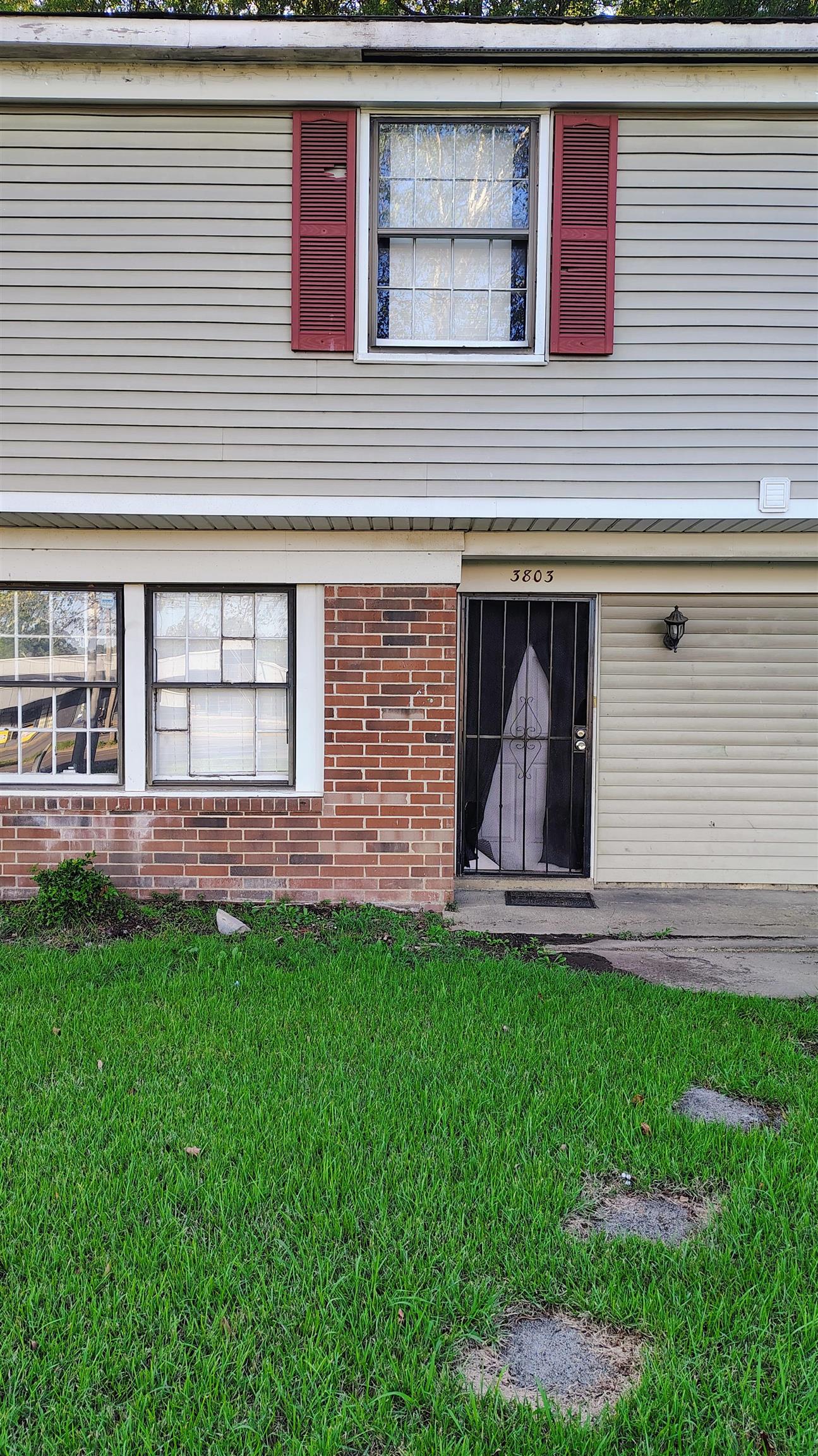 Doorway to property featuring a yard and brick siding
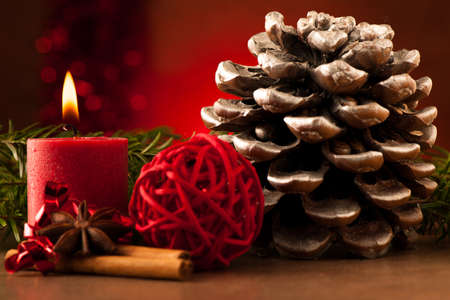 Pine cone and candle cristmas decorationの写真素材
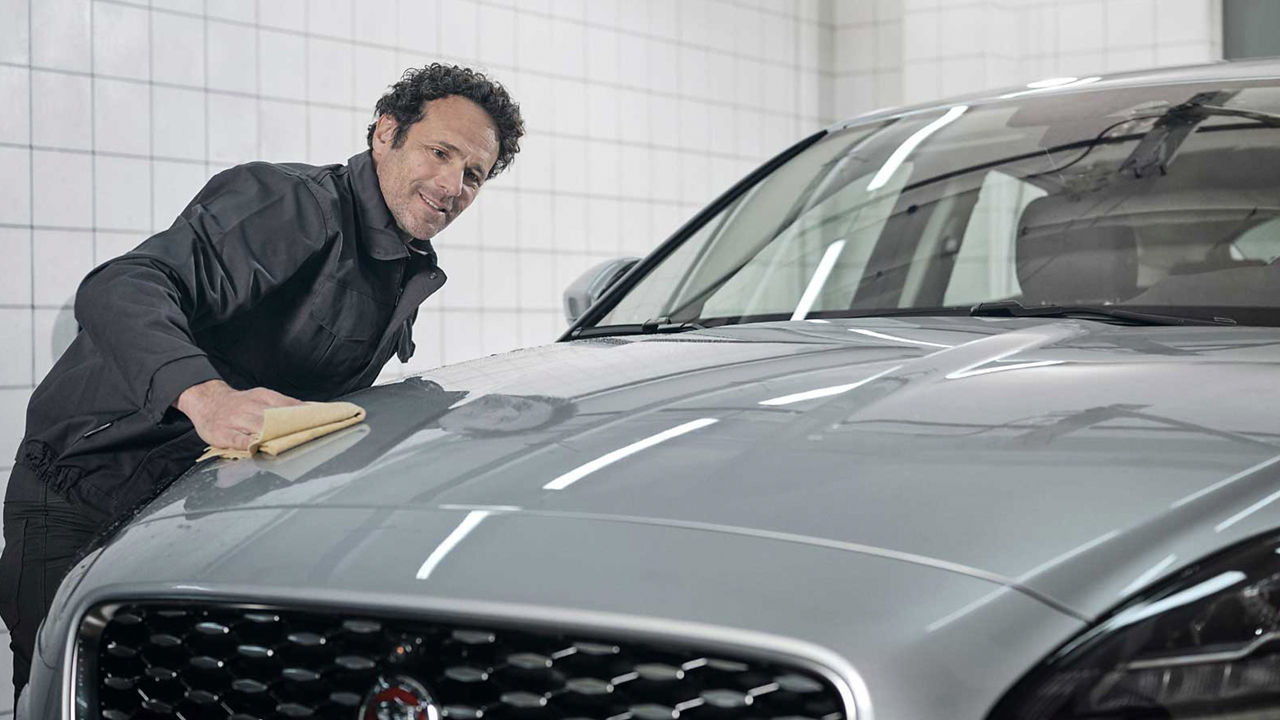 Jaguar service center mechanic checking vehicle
* * * * * * *
(Exercise brief): Pictures aside, print every line of the material exactly.

(Solution to this problem):
 Doorway to property featuring a yard and brick siding
 Pine cone and candle cristmas decorationの写真素材
 Jaguar service center mechanic checking vehicle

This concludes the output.